Sin embargo, en la sociedad todo está especialmente organizado para crear tensión sobre la tensión, alienar al individuo y robarle la paz interior. Todo el énfasis se pone en la producción y el individuo vale lo que produce y se convierte en una arandela insignificante en la atroz maquinaria de la sociedad cibernética. El caso es no parar; el caso es no detenerse; el caso es no ser uno mismo.

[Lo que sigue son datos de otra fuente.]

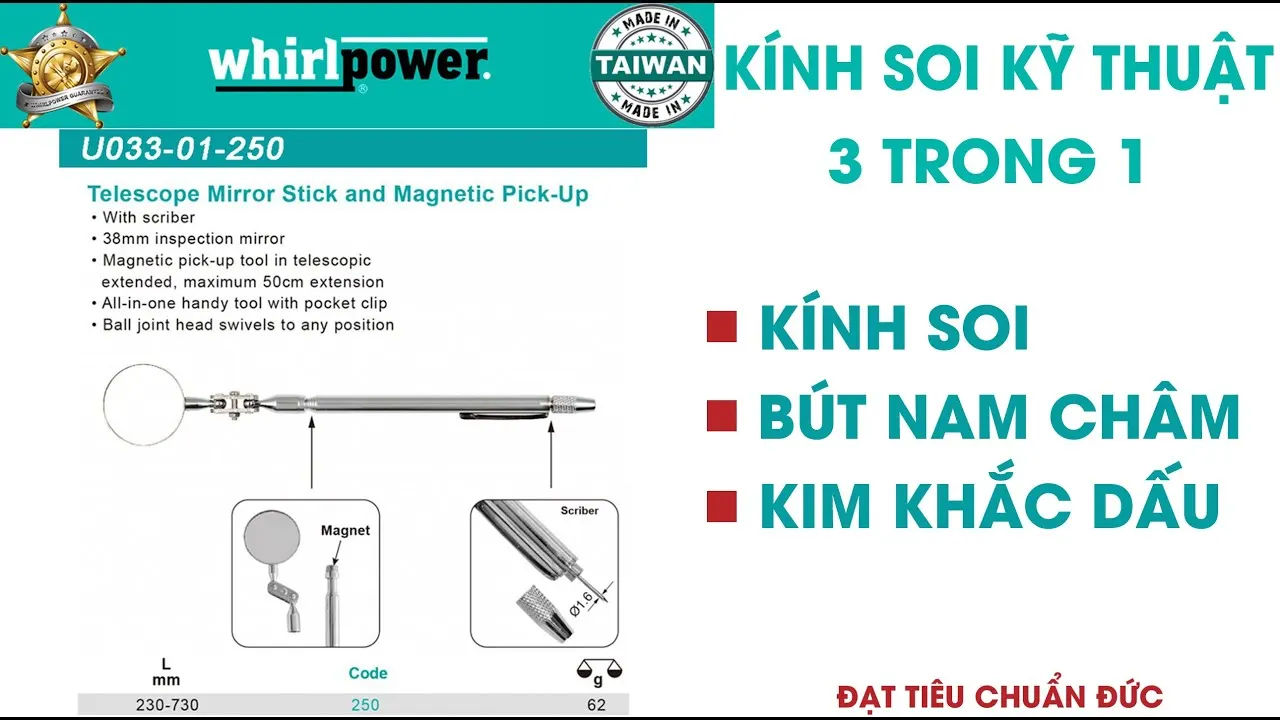 Gương soi kỹ thuật Whirlpower U033-01-250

De todo ello sacan ventaja los líderes políticos y los mercenarios del espíritu. Es más fácil conducir, manipular y dominar a una per­sona que siempre está agitada y ofuscada; basta con darle carnaza al ego voraz. Al místico sereno y contemplativo, conectado con su ser real, no se le puede manejar. Es el verdadero revolucionario. Se le puede atormentar y matar, pero no manejar. No es lo suficiente­mente agitado para alienarle y, por tanto, no puede formar parte de las filas de la colectividad alienada y no interesa. La agitación sirve al ego simiesco y hambriento; la paz sirve a nuestro ser real. La me­ditación es morir al ego por unos minutos para nacer al yo real. De­jamos por unos minutos el mundo fuera de nosotros, porque por ello no se va a parar, y nos desconectamos de nuestras actividades, tensiones y afanes, para remansarnos como las aguas límpidas de un lago y sentir la energía de nosotros mismos, nuestra pacífica subjetividad.